There was quite a bit of discussion about training healthcare professionals about addiction in general and specifically dealing with methadone.  A big issue seems to be certifications and who should be doing this if any. E.Salsitz felt that training should emphasize stigma and stigma related to methadone treatment specifically.  He commented that with methadone patients there’s even more stigma and 33% request increases in their dose because they are afraid.

•I.Marion – accreditation will help the mainstream deal with stigma.

• D. Fiellin – success breeds confidence and similar to primary care docs dealing with depression so will happen with buprenorphrine and methadone.

• L. McNicholas – specialty organizations (AAAP and ASAM) need to get involved. Many docs within the specialty organizations don’t want to deal with opiate dependence. She felt a need to put effective treatment and effective training before physicians.

• H. Palacio – PLNDP can help with Medical Education aspects – stress medical institutions focus on addiction in a substantial way. Have to trust physicians to come up to speed and to refer to specialist when they are over their heads.

• J. Merrill – effective treatment can truly change the way both physicians and patients view the way methadone treatment is perceived.

• E. Drucker felt that physicians need support from their institutions for working in addiction care and that the more physicians providing care the better.

• R. Lubran commented on CSAT’s priorities-

1.  training physicians – addiction and buprenorphrine – all specialty groups based on curriculum are being developed.

2. Anticipate new regulations to help programs meet accreditation and best practice guidelines.

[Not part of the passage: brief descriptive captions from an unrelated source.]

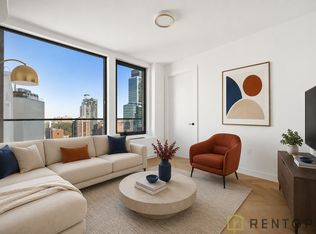 106 Fleet Pl #20C, Brooklyn, NY 11201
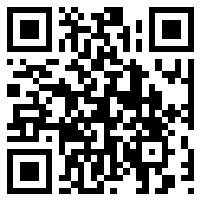 QR Code for XwghsGr2rTVqHbrfFEnfqrsDTyJSThLbsd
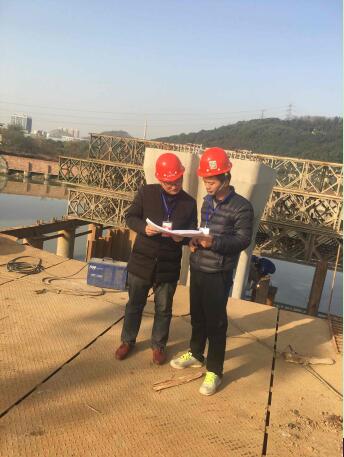 ��������(�й���)�ٷ���վ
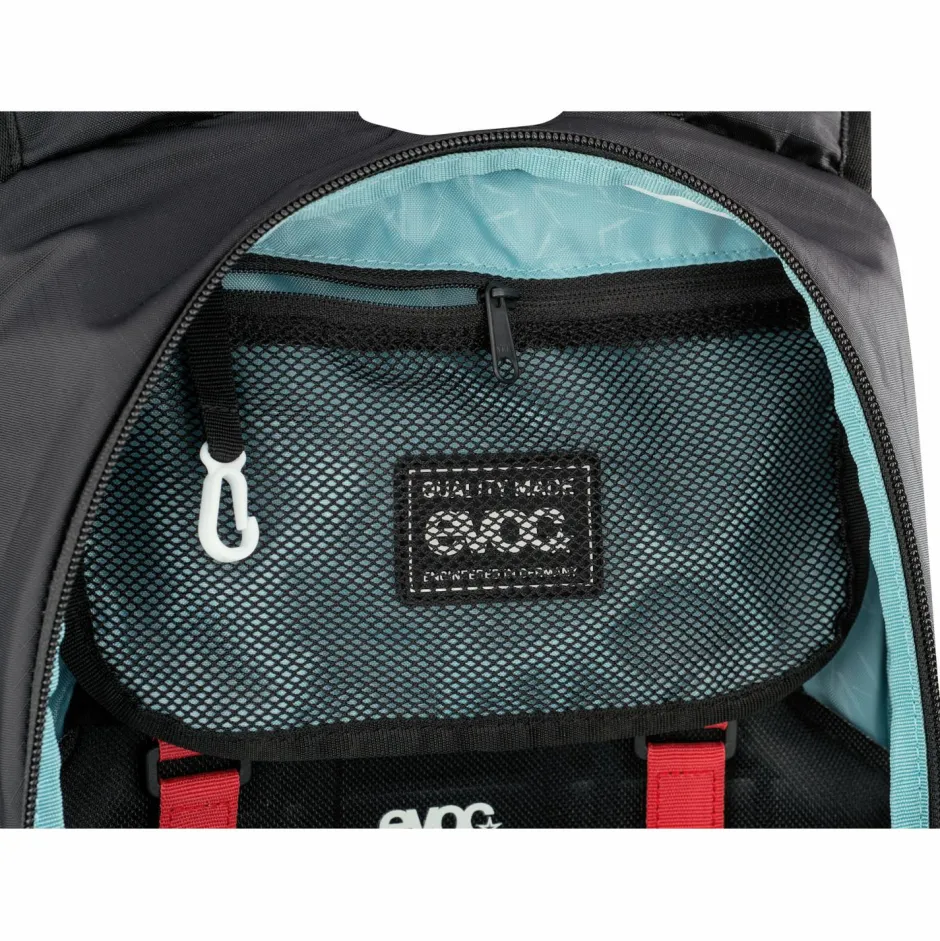 Evoc - FR Lite Race 10L - Bike-Ruckack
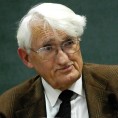 Стјуарт Џефриз: Хабермас и Твитер
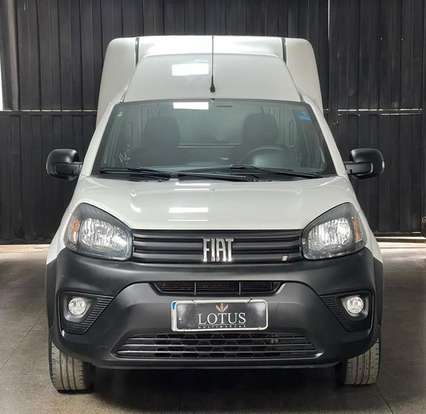 FIAT-FIORINO-2024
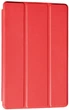 Чехол Smart Case With Pencil на Samsung Galaxy Tab A8 10.5 LTE (X200 / X205) red - изображение 1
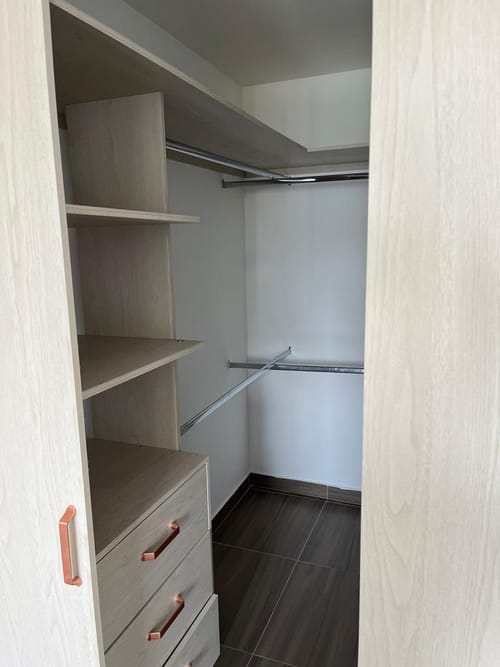 Apartamento de 3 alcobas en venta en Bochalema, Cali, 69 m² · foto 5 de 8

3.  Expand access to treatment through innovative treatment models – virtual clinics

• R. Newman – Training is important – why is the government emphasizing newly trained physicians vs. majority of all physicians?

• R. Lubran – methadone treatment as well as buprehnorphrine – raising standards in treatment systems through training existing physicians or retraining existing treatment communities.

• M. Parrino – perceived quality is coming to surface – treatment experience in general is not just the physician’s problem. PLNDP can potentially move these issues along.